Sunday 23 February 2003
IN a show of support for Iraq coupled with appeals for Saddam Hussein to disarm, foreign ministers for more than half the world have urged Baghdad to comply with UN resolutions while adding their voice to the millions of people who oppose war.
A declaration prepared for a Non-Aligned Movement summit also said that if Iraq continued to cooperate with UN inspectors in eliminating weapons of mass destruction, the debilitating sanctions imposed on Baghdad after the 1991 Gulf War should finally be lifted.
Although the draft declaration endorsed today by foreign ministers addressed US concerns by stressing that Baghdad must comply with Security Council resolution 1441 - which demands that Iraq disarm - its overall tone left no doubt that the Non-Aligned Movement does not want to see a military attack.
Leaders of the movement's 114 mostly developing nations, representing 55 per cent of the world's population and nearly two-thirds of UN members, were expected to endorse the declaration at their summit starting on Monday.
US confrontations with Iraq and North Korea - nations allegedly possessing weapons of mass destruction - dominated preparations for the summit.
"We reiterate our commitment to the fundamental principles of the non-use of force and respect for the sovereignty, territorial integrity, political independence and security of all member states," the document on Iraq said.
There were two days of wrangling over the document's precise wording. The latest version dropped the characterisation by some Arab countries of any conflict as "aggression".
"It is a balanced statement because it shows everyone is against unilateral action against Iraq or any other country," said Gholomali Khoshroo, Iran's deputy foreign minister. "At the same time, they have urged Iraq to cooperate with the United Nations."

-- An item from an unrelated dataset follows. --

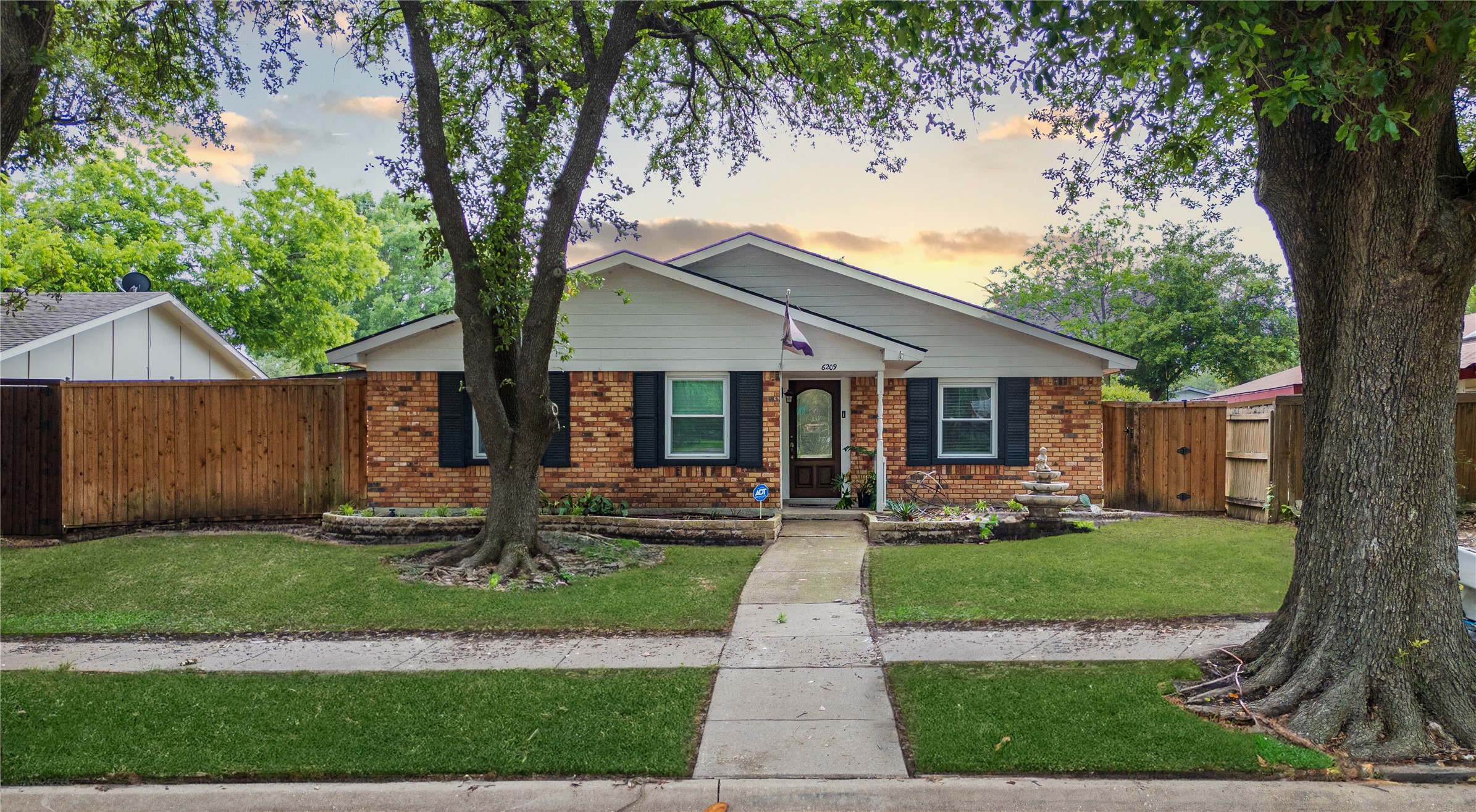 6209 Alta Oaks Drive Garland TX 75043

"What we want is full compliance with Resolution 1441," said US envoy Charles Twining, an observer at the conference. "It's really that simple."

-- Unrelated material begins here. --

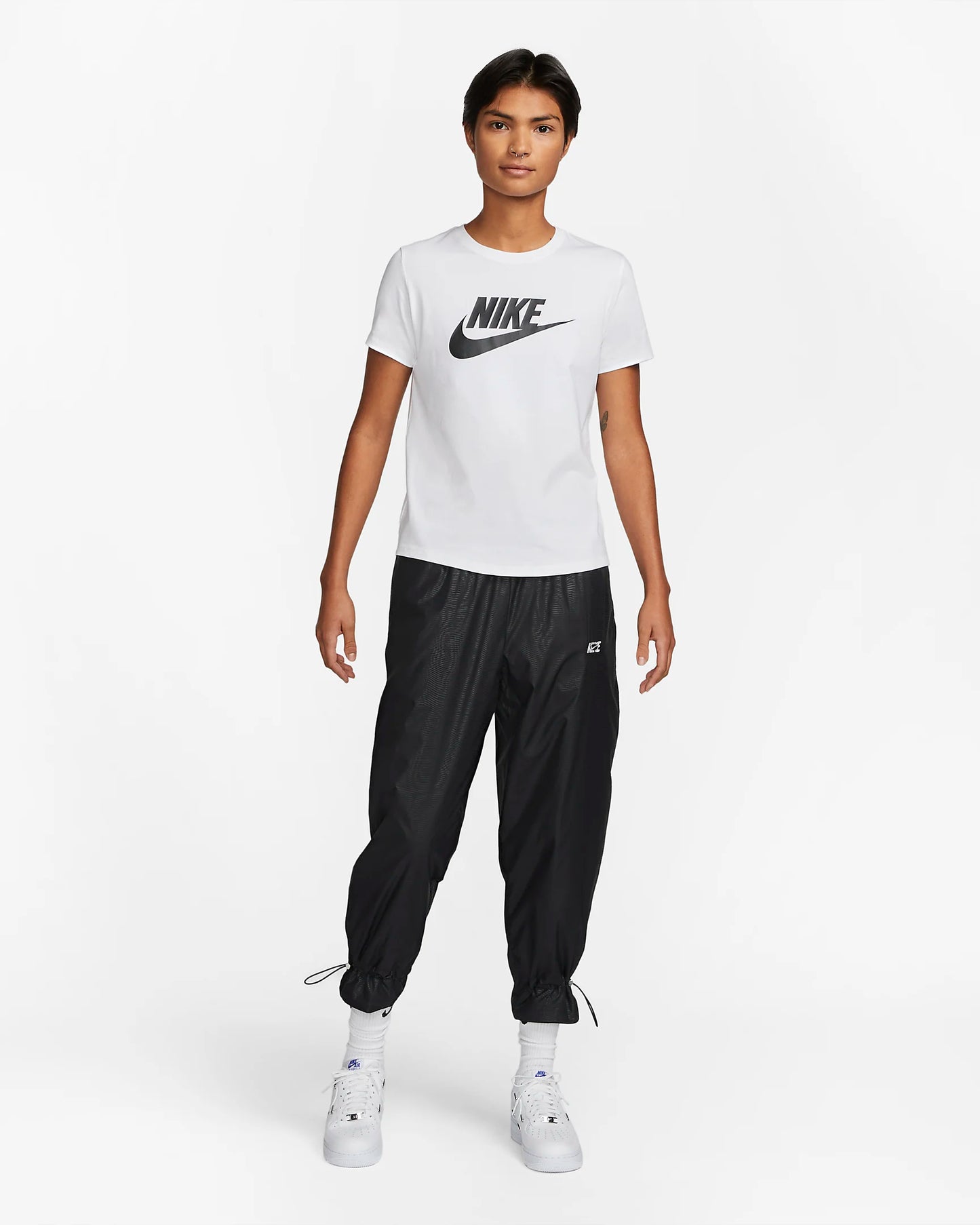 Nike Women's Sportswear Essentials, White/Black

Iraq is a founding member of the Non-Aligned Movement, which was set up in 1955 to pave a neutral path between the United States and the Soviet bloc and which regularly opposes military action against any Third World state.
The draft declaration paid a nod to massive anti-war protests around the world, and came a day before summit host Malaysia holds a peace rally organisers expect to draw as many as 200,000 people.
"We are fully cognisant of the concerns expressed by millions in our countries, as well as in other parts of the world, who reject war and believe, like we do, that war against Iraq would be a destabilising factor for the whole region," it said.
Not everyone at the summit faulted what the protesters perceive as US President George W Bush's hawkish stance on Iraq. Nobel Peace laureate Jose Ramos Horta said Bush's Iraq policy deserves more credit for boosting Baghdad's cooperation with UN demands to disarm.
"If President Bush had not threatened to go to war in a credible manner by building forces in the region, would Saddam Hussein have invited the weapons inspectors back?" said Ramos Horta, foreign minister for East Timor, which will formally join the Non-Aligned Movement on Monday.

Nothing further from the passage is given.